_Work required:_ Leave out every picture and set down, exactly, the lines below from the one holding "Bố Tôi Quá Mạnh Chapter 121 trang 14" up to and including the one holding "Guitto GGS-05 Adjustable".

_Entries supplied:_

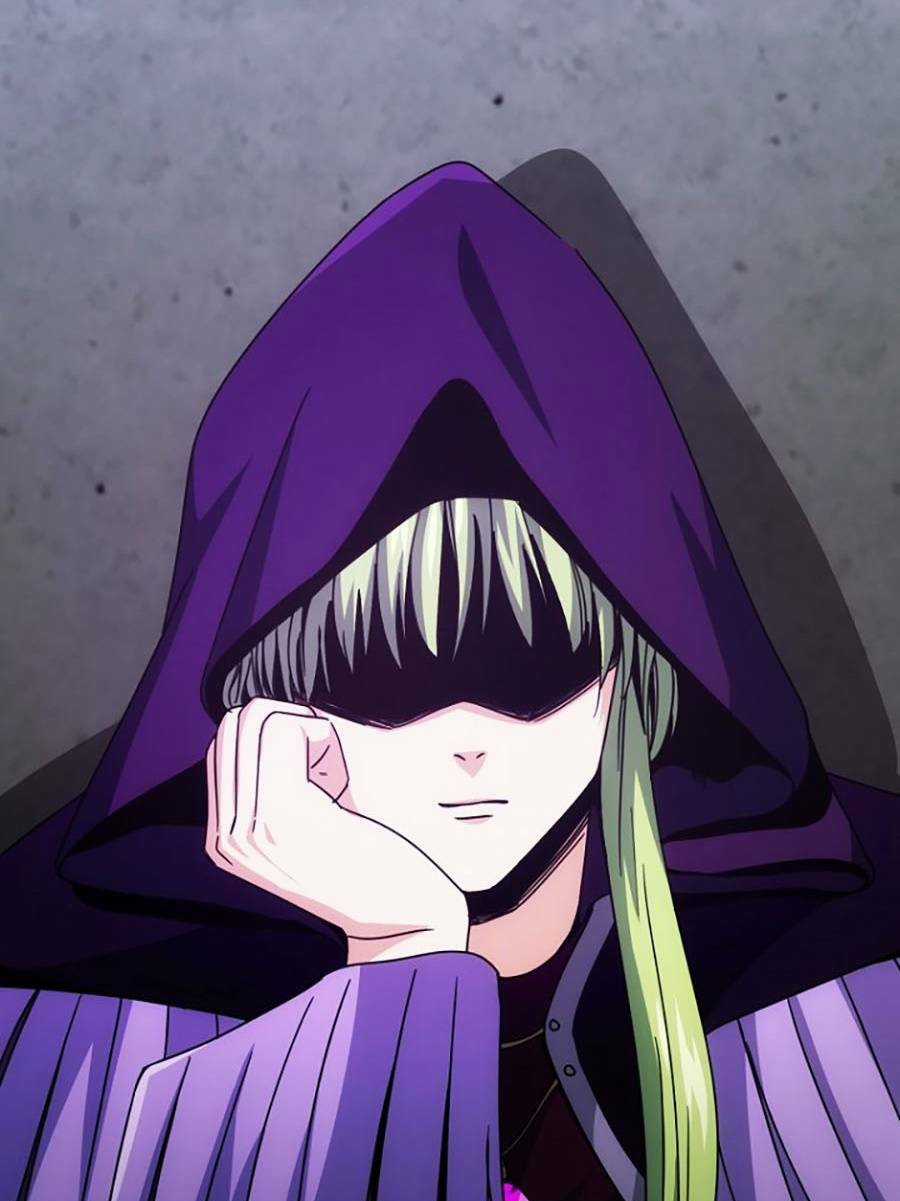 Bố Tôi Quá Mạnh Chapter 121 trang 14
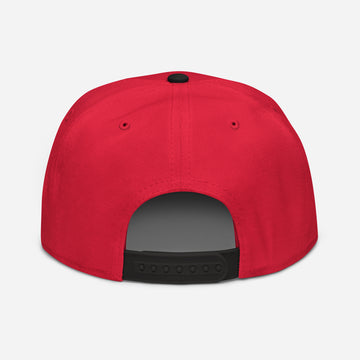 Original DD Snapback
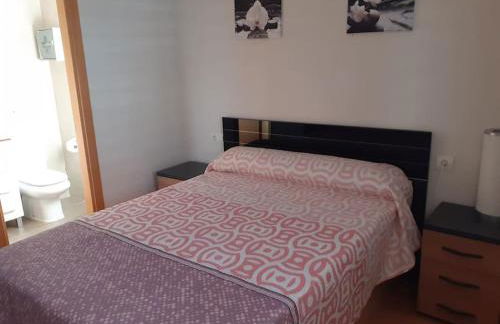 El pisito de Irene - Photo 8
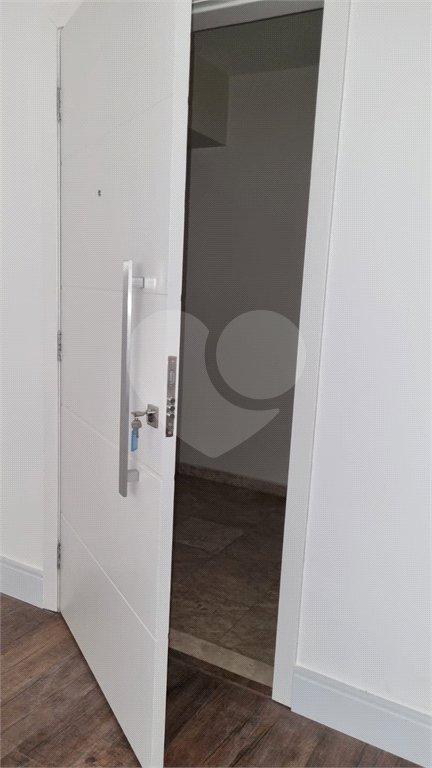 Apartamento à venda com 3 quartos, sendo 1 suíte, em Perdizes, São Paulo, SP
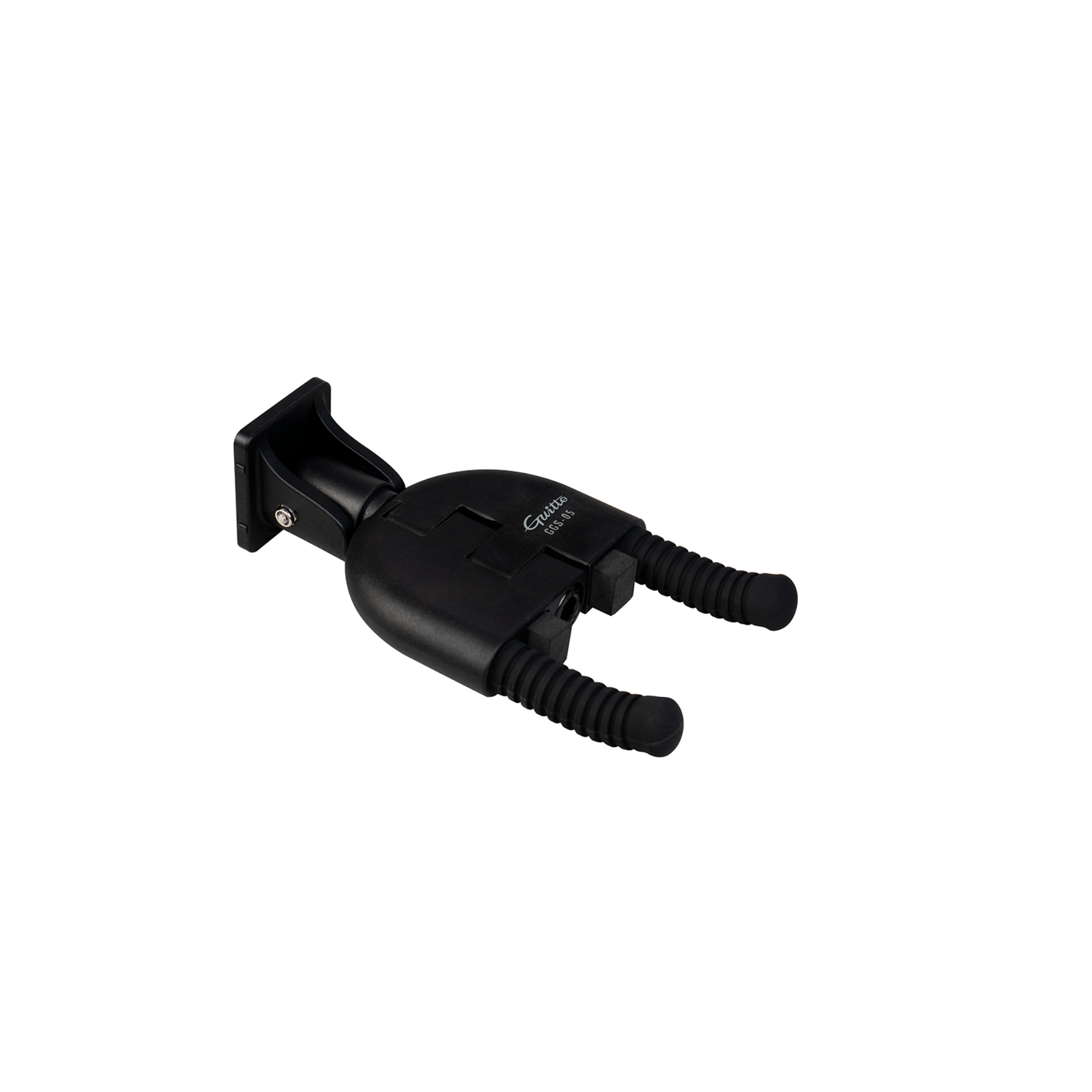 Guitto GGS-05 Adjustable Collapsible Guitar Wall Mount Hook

* * *

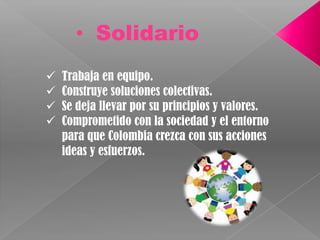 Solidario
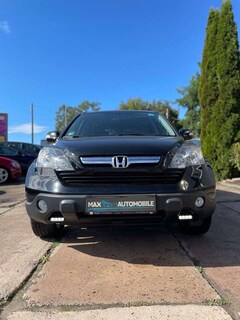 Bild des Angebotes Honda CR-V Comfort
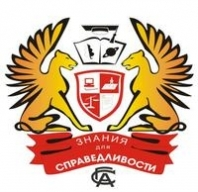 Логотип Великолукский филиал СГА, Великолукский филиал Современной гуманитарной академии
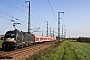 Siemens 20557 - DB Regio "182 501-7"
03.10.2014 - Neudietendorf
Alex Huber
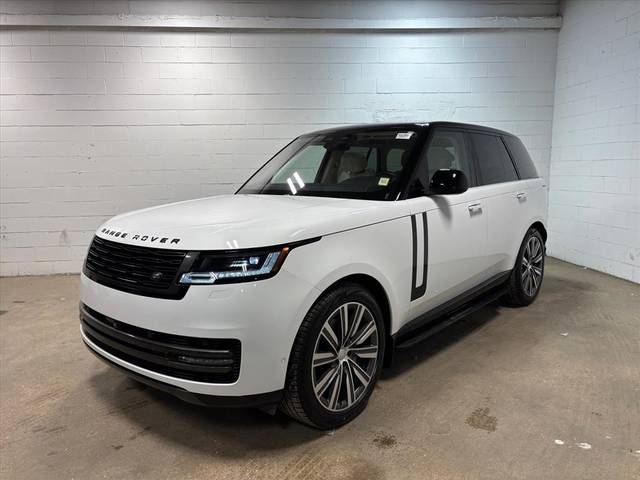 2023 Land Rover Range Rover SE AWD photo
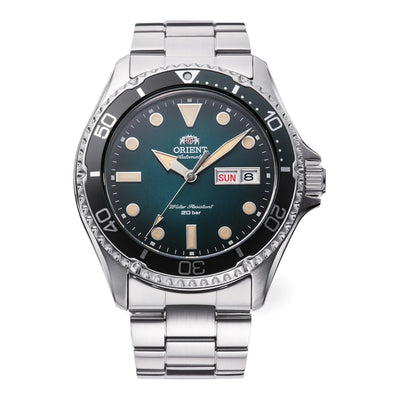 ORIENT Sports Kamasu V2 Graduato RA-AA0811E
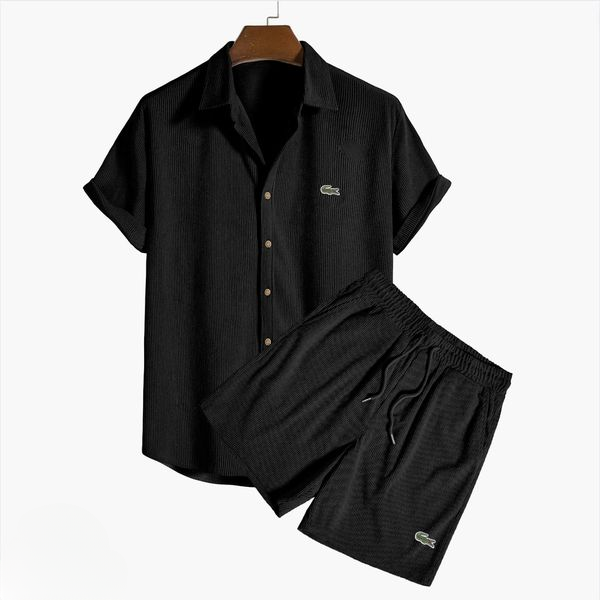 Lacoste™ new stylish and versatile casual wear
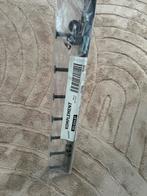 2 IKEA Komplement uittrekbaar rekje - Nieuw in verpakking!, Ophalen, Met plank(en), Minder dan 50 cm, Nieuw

* * *

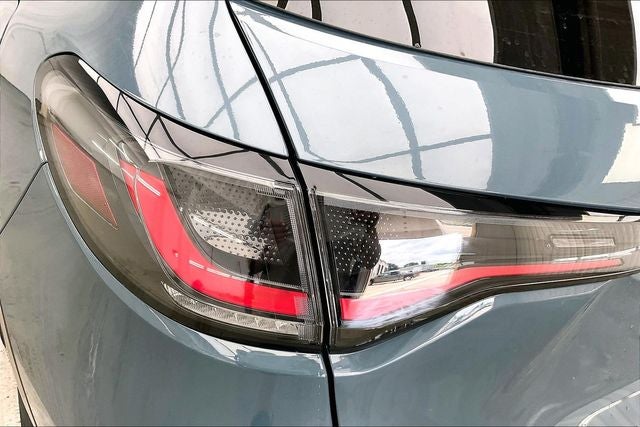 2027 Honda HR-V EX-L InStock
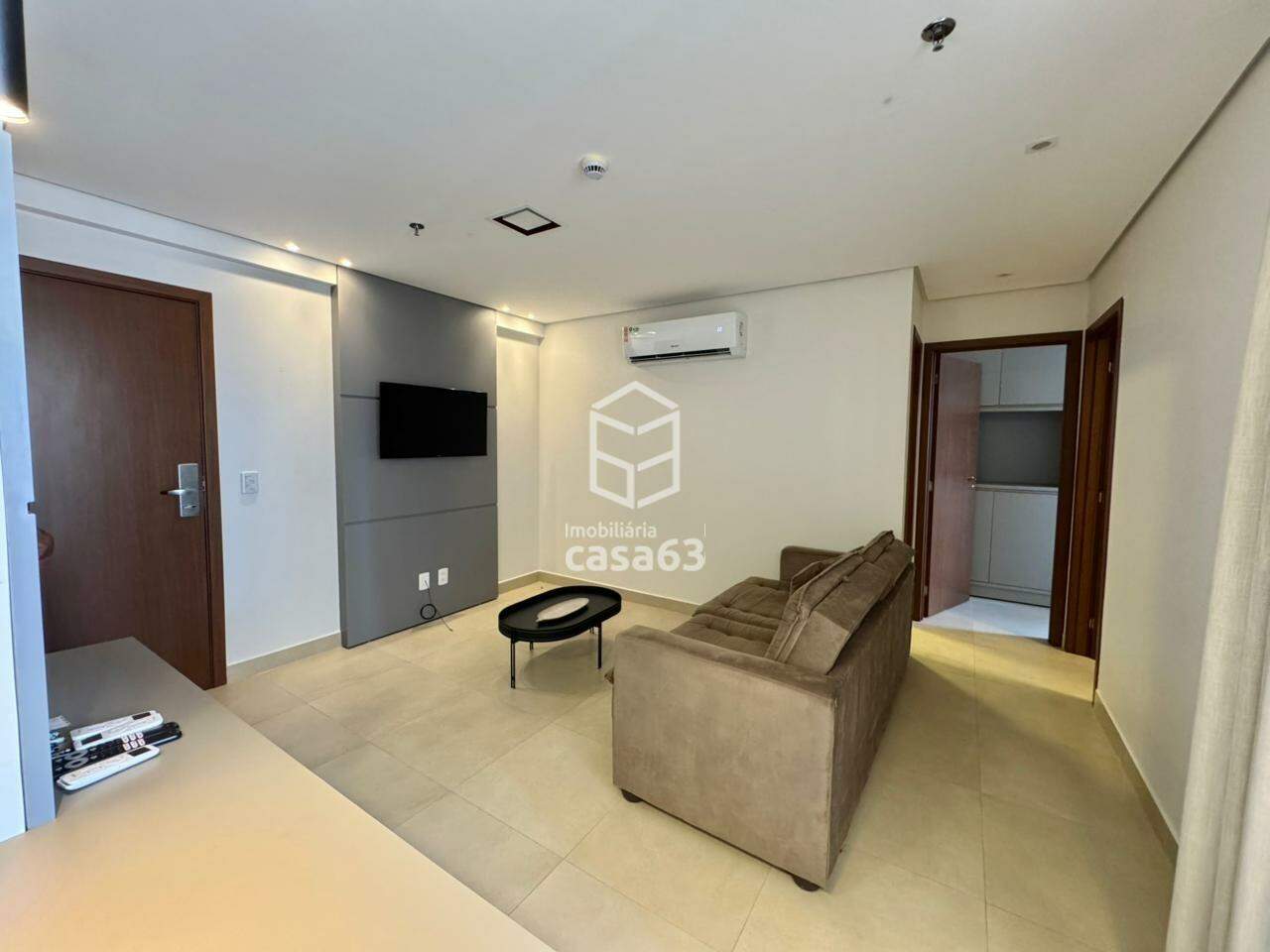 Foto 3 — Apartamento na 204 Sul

_Result of this exercise:_
 Bố Tôi Quá Mạnh Chapter 121 trang 14
 Original DD Snapback
 El pisito de Irene - Photo 8
 Apartamento à venda com 3 quartos, sendo 1 suíte, em Perdizes, São Paulo, SP
 Guitto GGS-05 Adjustable Collapsible Guitar Wall Mount Hook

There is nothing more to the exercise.